Gavin Bryars / Toivo Tulev, Estonian National Male Choir – Silva Caledonia (2008)

GB: I find Edwin Morgan’s work absolutely incredible. He was a virtuoso poet: very prolific, writing a lot of experimental poetry too. He wrote these forty sonnets for Scotland, relating to aspects of Scottish landscape and life, and this was the first one I set; I think I’ve now set about twelve of them. This is the first thing I did for the Estonian National Male Choir. It is the largest professional men’s choir in the world, and they have an unbelievable power when you hear them live. They have this big, slightly raw sound — well not raw, since it’s really quite refined — but there’s an energy and passion. It’s really hand on heart and full blooded. In my first opera — the first time I worked with orchestras — I took the violins out. It was violas downwards. My own ensemble doesn’t have violins. It’s the low strings and the low-pitched [instruments] that I generally go for. In that way, these guys are perfect. You have four of the basses who can go way, way down, below any kind of known territory.

Jess Walker, Gavin Bryars, Joe Townsend, Jim Holmes – ‘The Briar And The Rose’ from Mercy And Grand: The Music Of Tom Waits And Kathleen Brennan (2012)

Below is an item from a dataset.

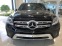 Обява за продажба на Mercedes-Benz GLS ~Цена по договаряне - изображение 5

GB: Tom Waits got in touch with me around 1987. He wanted to ask if it was possible to get a copy of the original vinyl of ‘Jesus Blood’, because he’d lost his, and it had been deleted. He said it was his favourite album, which to me is very high praise. So, we started corresponding. When I did the second [75 minute long] version of ‘Jesus Blood’, I remember talking to the chief executive of the record label about strategies for a more complex orchestration, and I just said, "At 55 minutes, Tom Waits comes in!" He was astonished. I hadn’t spoken to Tom about it at that point. Everything played in that piece is usually accompanying the old man. But in this case, I wanted to add someone who performs with him, as if he had a companion. When Tom joins in it’s like they’re on the journey together. The day I spent working with him in the studio on California was one of the most enjoyable days I’ve had. Years later, Opera North had this idea of producing a project called Mercy And Grand, looking at the music of Tom and Kathleen Brennan, as his co-writer. The idea was you would hear the quality of the music and text without being distracted by his idiosyncratic performance quality. I love Tom’s work. I mean, he’s a complex guy. He has a very big range of interests and abilities.

Gavin Bryars and Blake Morrison – ‘The Stopping Train (Part 4: Ferriby To Hessle)’ (2016)

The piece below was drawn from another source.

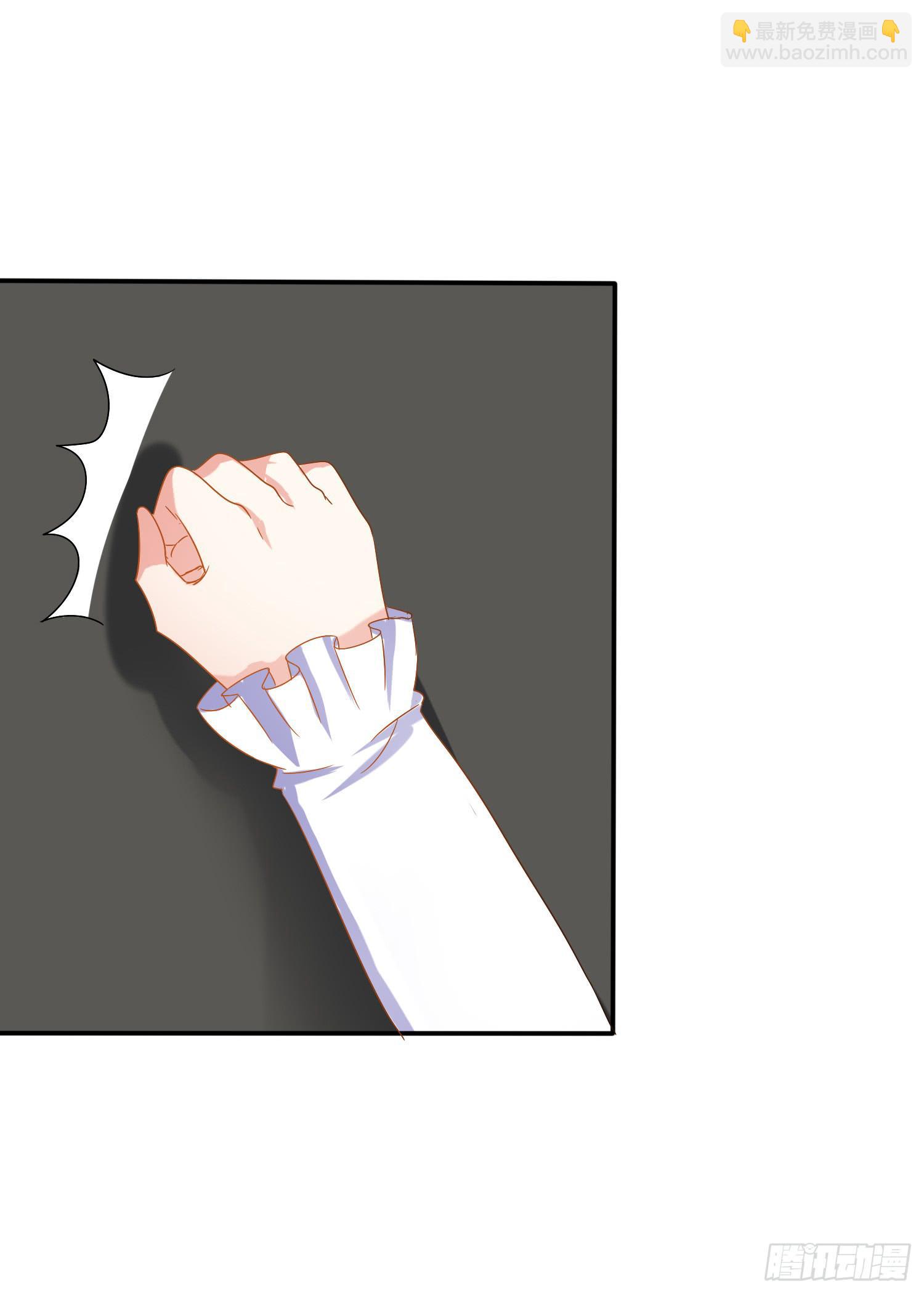 画室的一夜(1/2)-第41话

Gavin Bryars: Goole is my home territory. I’m actually one of the very few season ticket supporters of Goole Town (as well as Nottingham Forest) and the river at Goole has always been important to me. I was approached by an organisation called SoundUK, about me writing something to do with a train journey. I decided to create a kind of soundtrack for travelling on the route from Goole to Hull, which I had a close relationship with, through friends of mine at school arriving from stations along that line. I timed the soundtrack precisely to the times between the various stopping points. In his words to this piece, Blake [Morrison] initially muses on aspects of the North and that area of East Yorkshire: he talks about me and the place, then he’s slightly more philosophical, and then talks about historical things. You have that whole thing on the pronunciation of the word "brough", which is very funny, and then the poignancy of the Humber bridge and suicides. So, it becomes quite a melancholy piece at times.

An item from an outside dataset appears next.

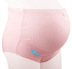 women s shorts Cotton pregnant women s underwear  NSXY8557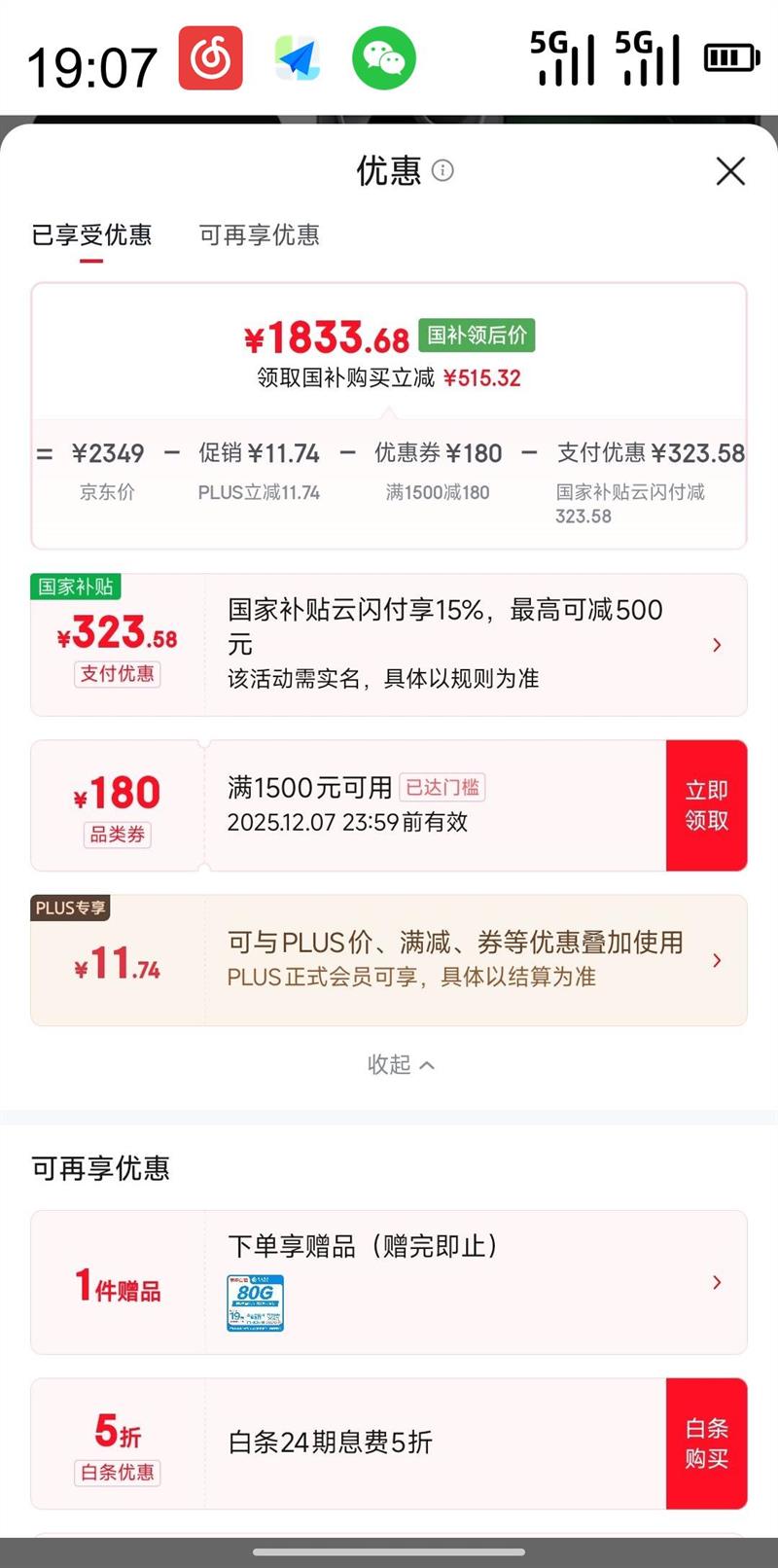  REDMI K80  5Gֻ 12GB 256GB ɰһŻ֤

Father John Misty – Pure Comedy (2017)

GB: Iarla Ó Lionáird — the Irish singer who I’ve worked with a lot — rang and said Father John Misty [Joshua Tillman] was interested in me arranging some music for an album he’d written. We recorded in the studio in Hollywood, in the Summer while I was on the West Coast [Bryars spends part of each year in Victoria, Canada]. Unusually, he didn’t want to hear any samples beforehand: no mp3s, no mock-up of the arrangement. I was staying at the Chateau Marmont on Sunset Boulevard and was given drivers with black Mercedes and shades, everywhere I went. When I was conducting the band, if I was thirsty, within seconds there’d be a margarita in my hand. It was like a rock & roll paradise! What I like about Josh’s work is that it has something of singer-songwriters like Randy Newman, or Tom Waits even. The kind of writing that you might finder earlier in cabaret. A narrative that’s not conventionally pop music.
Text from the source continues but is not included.